The transmission of parameters from the first aeroplane by the determination means DET2 by data link to the second aeroplane, DET2 is generated on the basis of this information provided as input to a wake turbulence model, or DET2 can be extracted from an onboard database of these curves with as search key the information about the first aircraft originating from the onboard monitoring.

The comparison module COMP, as specified hereinafter, may be effected by sliding a window over the reference roll curve until a verisimilitude is found between the roll sinusoids (for example on the first derivatives) or by correlation.

An alarm module AL makes it possible to forewarn the pilot of the second aircraft of the detection of wake turbulence generated by the of the first aircraft when the said comparison performed by the comparison module COMP is below or equal to a resemblance threshold SS.

The resemblance threshold can, for example, be a constant value for a comparison in the sliding window, or of a statistical nature such as a Gaussian extracted from the values for the second aircraft, compared with the reference Gaussian by a correlation function of x² type.

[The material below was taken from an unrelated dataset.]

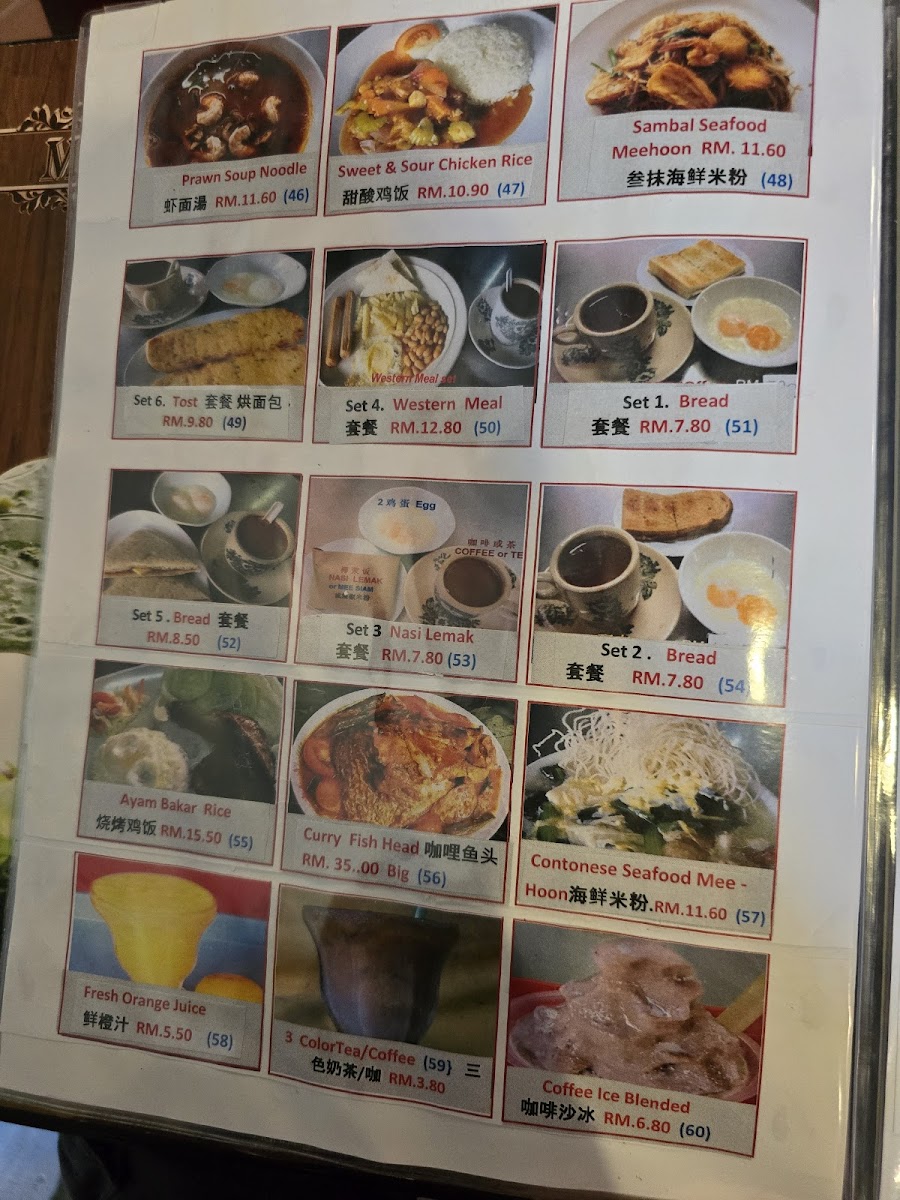 Kopitiam Kim Menu 8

The envelope CRollRef of reference roll curves may be formulated on the basis of a databank of signatures obtained on the basis of measurement campaigns (for example measurement campaigns in airports performed since the year 1990). A signature is understood as values taken by a set of representative parameters, in this instance a roll curve. These signatures are associated with particular aircraft for a certain range of speeds and in a particular flight phase or configuration for example an approach. The generic signature model is extracted by considering the variability of the speed range, the impact of the aeroplane configuration and the weight variation, these being the main parameters influencing the reference roll curves.

The envelope of reference roll curves may be obtained by simulation: once the signature of the turbulence-generating aeroplane has been captured, the “air” parameters in the presence of turbulence (air speed, accelerations) are overlaid on the stable “air” parameters input to the equations for the dynamics of the second aircraft. The roll variation curve is recorded as output.

As a variant, the envelope of reference roll curves may be obtained by in-flight trials: the roll curve of the second aircraft is recorded, for example on the information of the inertial platforms, after passing through the wake turbulence of the first aircraft. The wake turbulence of the first aircraft is simultaneously recorded by ground sensors (lidar, radar, multi-lateration, etc.).

For a new carrier or a carrier that has not been measured during campaigns or that cannot join in a campaign or fly over a suitably equipped airport, the generic signature may be obtained by processing the ranges of variability (speed, weight, configuration) with an approved vortex wake model (to date there are 3 such: P2P, APA and WAKE4D).

The second determination module DET2 comprises first inputs comprising operating parameters of the first aircraft. The first inputs can comprise, for example, the speed v₁ of the first aircraft, and/or the mass m₁ of the first aircraft, and/or the wingspan l₁ of the first aircraft, and/or the flight phase pv₁ of the first aircraft, and/or the type t₁ of the said first aircraft, so as to determine the said envelope CRollRef of reference roll curves.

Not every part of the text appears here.